Pension file letter sheds new light on the killing of Field Marshal Sir Henry Wilson

The assassination of Henry Wilson attracted international attention, with the  cover of the French magazine Le Petit Journal running an artist’s impression on a 1922 edition. Image: Getty

The assassination of Henry Wilson attracted international attention, with the cover of the French magazine Le Petit Journal running an artist’s impression on a 1922 edition. Image: Getty

 

A handwritten note in the pension file of an IRA woman based in London has shed new light on one of the great mysteries of Irish history.

Field Marshal Sir Henry Wilson, formerly Britain’s top soldier, was assassinated on the steps of his home in Eaton Place, London, on June 22nd, 1922, by IRA men Reginald Dunne and Joe O’Sullivan.

The military pension file of Mary Egan, which has just been released, suggests the assassination of Wilson was planned in 1921 before the Anglo-Irish Treaty came into being.

Wilson was born and grew up on the Currygrane estate outside Edgeworthstown in Co Longford.

The note from senior IRA man Mick Murphy states: “On another occasion during my visit to London we made plans at her [Mary Egan’s] house for the shooting of Sir Henry Wilson in 1921. Same did not come off at the time on account of a murder being committed in Wilson’s area and the whole place was being held up and being watched for some time.

Reggie Dunne and Joe Carr were also at this meeting, and Miss Egan was conversant with the whole proceedings.”

The assassination led directly to the Civil War in Ireland, and yet to this day nobody has been able to determine who ordered Wilson’s killing. He had been the chief of the Imperial General Staff during the first World War.

The assassination, coming five months after the signing of the treaty which ended the War of Independence, caused outrage in Britain. The British government wrongly blamed the anti-treaty rebels, who were then occupying the Four Courts. They ordered the provisional Irish government to deal with the Four Court rebels, or they would deal with them.

Two 18-pounder guns

Under pressure from the British, Michael Collins borrowed two 18-pounder guns from the British army and shelled his old comrades in the Four Courts. This began the Civil War which would claim his life, the lives of thousands of others and divide Irish society for generations.

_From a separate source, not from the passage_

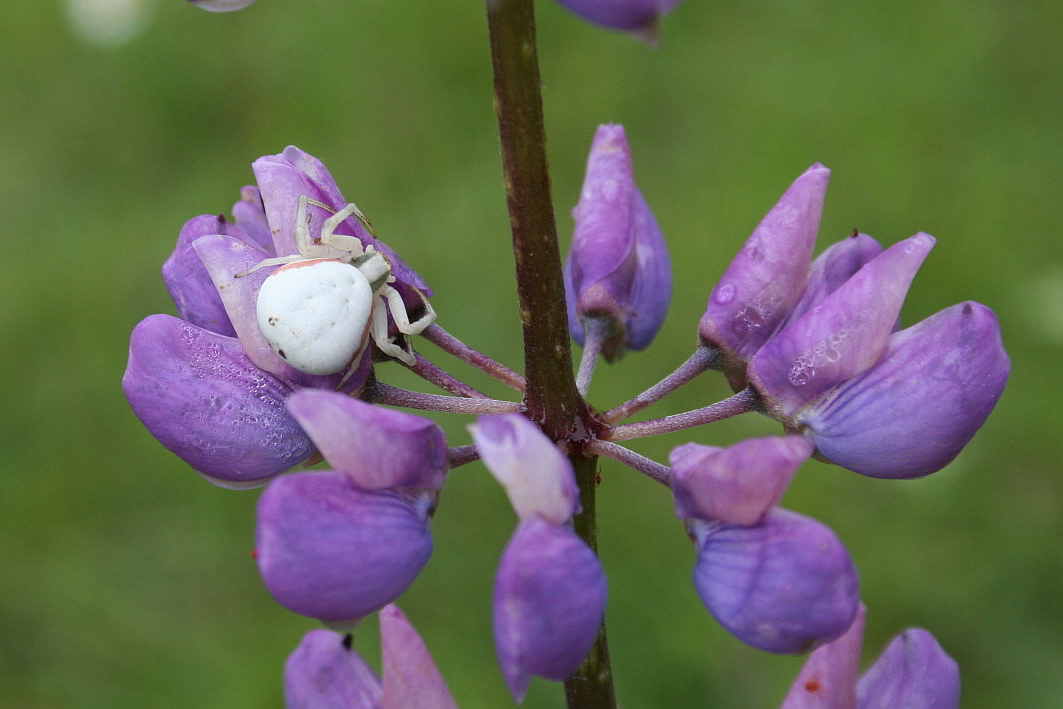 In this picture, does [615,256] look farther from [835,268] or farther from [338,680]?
[338,680]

Staunchly anti-republican, Wilson became a Unionist MP for North Down in 1922. He had gained a degree of notoriety among nationalists for being a military adviser to the new unionist government in the North which had set up the B Specials. Wilson was blamed for the pogroms against Catholics in 1921 and 1922.

Yet, it would not have been in the interest of the Provisional Irish government set up after the treaty to assassinate Wilson. Some historians have speculated that Collins ordered the assassination of Wilson before the treaty and forgot to rescind it afterwards.

Others suggest that Dunne and O’Sullivan acted of their own accord in the belief that it would provoke the British into retaliation and unite the strands of nationalist opinion bitterly divided by the treaty.

Egan was an IRA volunteer from Cork who was sent by her work in 1919 to London, where she lived in a house in Dalston that was used for smuggling arms and as a safe house for IRA men on the run.

The letter from Murphy does not say whether the assassination was planned in her house before or after the truce, which occurred in July 1921. However, Egan said in her own witness statement that she left London for Cork after the truce.

Angry mob

Dunne and O’Sullivan were caught by an angry mob shortly after the shooting. Both were born and reared in London, and were British army veterans. O’Sullivan lost a leg at Ypres, but both men went on to join the IRA after the first World War.

The pair were hanged in August 1922. At their trial they were prevented from making a speech from the dock which would have explained why these British army veterans turned on the country they once fought for.

The speech they intended to deliver read: “We took our part in supporting the aspirations of our fellow-countrymen in the same way as we took our part in supporting the nations of the world who fought for the rights of small nationalities.

“The same principles for which we shed our blood on the battle-field of Europe led us to commit the act we are charged with.”

In 1967, Dunne and O’Sullivan’s bodies were brought to Ireland, and reburied at Deansgrange Cemetery.